I’m cheating a little here as this particular Jerusalem artichoke isn’t in my garden – though it soon will be.
It’s growing, a little overenthusiastically, in one of the gardens I look after. So far it’s filled a whole corner of the sizeable veg patch and is doing a Great Escape style bid for freedom by tunnelling under the fence to pop up in the lawn on the other side.
Jerusalem artichokes are not for the faint-hearted. Or those of a delicate disposition. There can be few vegetables quite so irrepressible: they spread like weeds, and they’re eight feet tall so there’s no ignoring them. And they make you fart like a trooper.
So why, in the name of all that’s polite, would you ever consider growing them? Let alone – as I’m doing – swiping a few (with permission, of course) to plant in your own garden?
Because they’re one of the easiest, tastiest and most generous vegetables you’ll ever grow, that’s why. Jerusalem artichokes are that rare thing, a genuinely year-round crop you can harvest as much as you like, any day you like, from Christmas Day to the summer solstice and back again. And you never, ever have to re-sow it: once you have it, like dimples or an inability to stay calm in the face of apostrophe misuse, you have it for life.
The knobbly tubers stay underground like so much buried treasure (albeit rather muddy treasure) waiting amiably for you to come along and dig it up: no need to store, no need to worry about it turning woody or slug munched if you leave it in the ground too long. Forget to harvest and they just multiply some more. I don’t think there’s any other vegetable so easy to grow.
You do need a bit of space, of course: these are giant plants, as you’d expect from close relatives of the sunflower. The stems hit a clear 8ft tall at full height, sturdy enough to act as a windbreak (Jerusalem artichokes make excellent shelter belts for windy allotments) and topped in late summer with cheery smallish sunflowers. Incidentally, the name Jerusalem has nothing to do with the capital of Israel: it’s actually a corruption of the word ‘girasole’, the French for sunflower.
Mind you, anything less like an artichoke of the globe kind is hard to imagine. Jerusalem artichokes are all lumpen Gabriel Oak to globe artichokes’ effortlessly elegant Bathsheba (Alan Bates, Julie Christie, 1967 – never bettered, if you ask me).
They’re muddy, knobbly, ugly – a bit like potatoes, though not so pretty. The variety ‘Fuseau’ is the one you’re most likely to find, described as ‘smooth skinned’ – though it’s all relative, I suppose. It looks just as knobbly as the rest to me. There are red-skinned varieties like ‘Gerard’, and a shorter variety – to about 4ft tall – called ‘Dwarf Sunray’, though I’ve never found it in the UK. In the US, where Jerusalem artichokes (known there as sunchokes) are far more widely grown than here, there are about 70 different varieties to choose from – about time a few of them made it across the pond, if you ask me.
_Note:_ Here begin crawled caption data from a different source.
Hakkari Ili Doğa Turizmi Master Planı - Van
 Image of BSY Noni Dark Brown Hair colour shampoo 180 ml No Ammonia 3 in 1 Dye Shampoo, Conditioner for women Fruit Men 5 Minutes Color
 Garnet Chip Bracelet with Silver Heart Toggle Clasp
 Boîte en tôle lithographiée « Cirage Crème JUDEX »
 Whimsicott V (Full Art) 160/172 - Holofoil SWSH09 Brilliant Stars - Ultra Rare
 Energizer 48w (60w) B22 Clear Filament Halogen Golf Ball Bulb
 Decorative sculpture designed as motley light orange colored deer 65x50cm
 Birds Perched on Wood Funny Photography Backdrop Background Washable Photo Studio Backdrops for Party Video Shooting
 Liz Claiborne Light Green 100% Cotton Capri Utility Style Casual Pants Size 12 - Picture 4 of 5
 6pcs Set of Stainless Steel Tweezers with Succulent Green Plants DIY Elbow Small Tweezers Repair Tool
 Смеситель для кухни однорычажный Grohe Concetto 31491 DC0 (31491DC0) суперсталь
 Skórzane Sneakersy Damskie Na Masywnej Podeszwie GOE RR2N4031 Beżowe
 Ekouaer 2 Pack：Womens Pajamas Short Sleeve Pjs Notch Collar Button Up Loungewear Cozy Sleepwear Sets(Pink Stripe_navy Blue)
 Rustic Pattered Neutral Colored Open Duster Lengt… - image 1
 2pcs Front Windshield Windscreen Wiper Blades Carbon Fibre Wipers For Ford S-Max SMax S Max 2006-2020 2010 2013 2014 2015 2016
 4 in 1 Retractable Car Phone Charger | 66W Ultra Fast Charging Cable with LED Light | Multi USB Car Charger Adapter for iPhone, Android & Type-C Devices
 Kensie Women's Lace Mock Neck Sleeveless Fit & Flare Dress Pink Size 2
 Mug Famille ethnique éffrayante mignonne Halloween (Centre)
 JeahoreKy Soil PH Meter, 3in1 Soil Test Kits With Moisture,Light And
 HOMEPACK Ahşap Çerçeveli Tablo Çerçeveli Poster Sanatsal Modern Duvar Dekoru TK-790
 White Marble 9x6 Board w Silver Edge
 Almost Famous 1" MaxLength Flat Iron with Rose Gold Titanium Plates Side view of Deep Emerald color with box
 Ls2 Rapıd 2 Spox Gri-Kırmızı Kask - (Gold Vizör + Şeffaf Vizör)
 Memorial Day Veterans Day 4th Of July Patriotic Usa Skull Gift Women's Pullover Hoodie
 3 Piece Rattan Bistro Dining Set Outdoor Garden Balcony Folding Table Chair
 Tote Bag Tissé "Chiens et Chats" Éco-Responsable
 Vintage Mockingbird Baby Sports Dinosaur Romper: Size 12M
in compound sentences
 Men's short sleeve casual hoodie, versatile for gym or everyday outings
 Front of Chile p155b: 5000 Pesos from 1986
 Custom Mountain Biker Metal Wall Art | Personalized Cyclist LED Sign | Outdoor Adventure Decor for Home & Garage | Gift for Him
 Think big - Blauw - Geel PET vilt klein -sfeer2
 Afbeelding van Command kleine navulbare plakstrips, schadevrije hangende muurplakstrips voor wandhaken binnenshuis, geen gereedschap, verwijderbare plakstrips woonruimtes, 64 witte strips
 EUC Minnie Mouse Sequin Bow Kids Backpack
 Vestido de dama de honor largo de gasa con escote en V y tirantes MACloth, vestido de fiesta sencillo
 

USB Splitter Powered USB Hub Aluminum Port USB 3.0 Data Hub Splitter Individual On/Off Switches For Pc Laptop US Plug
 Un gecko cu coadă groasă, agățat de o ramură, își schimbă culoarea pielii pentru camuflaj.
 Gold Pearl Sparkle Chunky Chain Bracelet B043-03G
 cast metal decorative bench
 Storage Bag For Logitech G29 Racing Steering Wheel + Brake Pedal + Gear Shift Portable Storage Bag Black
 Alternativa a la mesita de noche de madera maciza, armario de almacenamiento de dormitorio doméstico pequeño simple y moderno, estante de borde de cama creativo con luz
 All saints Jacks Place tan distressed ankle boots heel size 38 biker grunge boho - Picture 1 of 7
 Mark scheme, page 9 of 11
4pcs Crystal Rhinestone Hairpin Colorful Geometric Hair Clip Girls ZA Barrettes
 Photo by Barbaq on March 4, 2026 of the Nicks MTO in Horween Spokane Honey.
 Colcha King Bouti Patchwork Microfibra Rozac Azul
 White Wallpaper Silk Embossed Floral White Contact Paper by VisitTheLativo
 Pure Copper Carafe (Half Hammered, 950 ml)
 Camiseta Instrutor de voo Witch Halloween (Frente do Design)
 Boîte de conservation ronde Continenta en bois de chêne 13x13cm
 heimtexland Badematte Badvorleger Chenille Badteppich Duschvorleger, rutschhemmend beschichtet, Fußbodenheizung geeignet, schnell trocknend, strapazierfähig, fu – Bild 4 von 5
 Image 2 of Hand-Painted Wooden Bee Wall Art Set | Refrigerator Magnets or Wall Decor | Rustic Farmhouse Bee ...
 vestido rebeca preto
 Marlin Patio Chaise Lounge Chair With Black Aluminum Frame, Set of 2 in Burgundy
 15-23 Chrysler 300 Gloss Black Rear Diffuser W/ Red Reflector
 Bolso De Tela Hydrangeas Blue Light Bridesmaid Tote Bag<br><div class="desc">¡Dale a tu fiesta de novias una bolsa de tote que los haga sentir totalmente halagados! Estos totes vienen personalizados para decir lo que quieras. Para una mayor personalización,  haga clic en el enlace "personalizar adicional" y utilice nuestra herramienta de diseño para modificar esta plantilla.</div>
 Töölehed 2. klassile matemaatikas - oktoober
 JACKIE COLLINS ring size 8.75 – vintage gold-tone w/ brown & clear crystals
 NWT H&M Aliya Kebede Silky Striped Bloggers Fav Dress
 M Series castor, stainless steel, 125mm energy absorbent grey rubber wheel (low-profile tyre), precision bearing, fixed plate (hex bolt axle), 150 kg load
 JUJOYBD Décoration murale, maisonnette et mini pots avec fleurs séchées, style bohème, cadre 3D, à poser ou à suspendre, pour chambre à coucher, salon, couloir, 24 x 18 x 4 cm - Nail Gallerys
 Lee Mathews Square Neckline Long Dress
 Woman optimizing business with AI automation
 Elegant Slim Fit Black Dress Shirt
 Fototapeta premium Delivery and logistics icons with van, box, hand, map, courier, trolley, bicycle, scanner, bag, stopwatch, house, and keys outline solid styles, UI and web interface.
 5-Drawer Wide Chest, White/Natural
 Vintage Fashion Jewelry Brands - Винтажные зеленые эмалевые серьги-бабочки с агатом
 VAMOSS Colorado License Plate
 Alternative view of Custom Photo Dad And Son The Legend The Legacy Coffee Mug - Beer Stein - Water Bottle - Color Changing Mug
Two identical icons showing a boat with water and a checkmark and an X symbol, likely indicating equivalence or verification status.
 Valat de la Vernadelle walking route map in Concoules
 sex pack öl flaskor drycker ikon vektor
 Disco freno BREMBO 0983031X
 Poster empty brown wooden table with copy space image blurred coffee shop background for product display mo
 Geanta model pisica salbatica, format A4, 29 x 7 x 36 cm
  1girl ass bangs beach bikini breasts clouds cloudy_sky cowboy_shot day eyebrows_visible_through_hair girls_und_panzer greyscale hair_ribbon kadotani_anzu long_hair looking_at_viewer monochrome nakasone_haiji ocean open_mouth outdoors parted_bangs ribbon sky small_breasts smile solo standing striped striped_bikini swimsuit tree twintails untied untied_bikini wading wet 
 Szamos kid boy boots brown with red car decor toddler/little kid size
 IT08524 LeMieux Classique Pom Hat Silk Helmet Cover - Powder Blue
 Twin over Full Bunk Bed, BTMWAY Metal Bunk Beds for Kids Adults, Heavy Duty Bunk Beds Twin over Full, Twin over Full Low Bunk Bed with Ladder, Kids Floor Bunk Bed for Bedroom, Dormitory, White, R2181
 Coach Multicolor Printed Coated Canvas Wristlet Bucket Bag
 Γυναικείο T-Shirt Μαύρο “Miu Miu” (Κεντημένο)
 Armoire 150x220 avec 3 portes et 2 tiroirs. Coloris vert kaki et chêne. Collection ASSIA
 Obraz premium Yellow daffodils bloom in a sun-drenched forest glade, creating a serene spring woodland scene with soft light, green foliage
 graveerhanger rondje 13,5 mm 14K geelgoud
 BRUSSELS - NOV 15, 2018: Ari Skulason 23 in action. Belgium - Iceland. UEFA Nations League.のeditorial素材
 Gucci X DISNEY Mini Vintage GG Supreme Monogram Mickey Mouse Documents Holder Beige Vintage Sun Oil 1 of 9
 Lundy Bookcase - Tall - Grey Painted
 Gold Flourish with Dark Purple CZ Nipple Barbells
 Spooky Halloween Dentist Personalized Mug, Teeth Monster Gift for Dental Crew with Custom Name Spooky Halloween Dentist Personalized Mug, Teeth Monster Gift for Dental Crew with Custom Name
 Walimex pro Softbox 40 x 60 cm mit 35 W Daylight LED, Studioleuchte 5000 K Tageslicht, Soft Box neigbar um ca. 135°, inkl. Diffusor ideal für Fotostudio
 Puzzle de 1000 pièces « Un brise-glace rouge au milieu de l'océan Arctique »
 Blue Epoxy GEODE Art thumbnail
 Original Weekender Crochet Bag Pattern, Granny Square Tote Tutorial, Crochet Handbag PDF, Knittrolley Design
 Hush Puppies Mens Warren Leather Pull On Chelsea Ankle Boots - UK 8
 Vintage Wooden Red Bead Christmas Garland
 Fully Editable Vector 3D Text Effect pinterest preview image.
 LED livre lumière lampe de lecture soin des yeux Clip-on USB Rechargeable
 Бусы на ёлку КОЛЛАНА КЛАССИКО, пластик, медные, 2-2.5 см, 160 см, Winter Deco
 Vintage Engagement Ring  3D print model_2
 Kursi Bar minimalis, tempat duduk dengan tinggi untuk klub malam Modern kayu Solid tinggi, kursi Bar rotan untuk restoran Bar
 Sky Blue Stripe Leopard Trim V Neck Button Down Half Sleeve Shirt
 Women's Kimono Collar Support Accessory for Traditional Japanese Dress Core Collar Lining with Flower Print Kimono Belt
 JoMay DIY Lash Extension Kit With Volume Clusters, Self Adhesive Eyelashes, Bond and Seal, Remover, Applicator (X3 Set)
Anyway, the artichoke connection probably comes mainly from their flavour – more than a little reminiscent of their infinitely more sophisticated relatives. And if you’re going for an artichoke flavour I’d far rather peel a Jerusalem artichoke tuber (tip: parboil first, then rub the skins off with your fingers) than fiddle about descaling a thistle.
The flavour is particularly good, too – in fact I’d say that along with the pretty sunflowers it’s the reason everyone should give a corner of the garden (and a little bit more, if they’re not careful) to Jerusalem artichokes.
Cook them into a soup with leeks, potatoes, onions and a good stock; roast them whole in hot fat, like roast potatoes, and mash them up (half and half with spuds works well). Or cut into pieces and fry them with bacon, then toss into a warm salad…. mmmm. Just make sure you’re in forgiving company when you serve them up, as the after-effects are for impolite society only.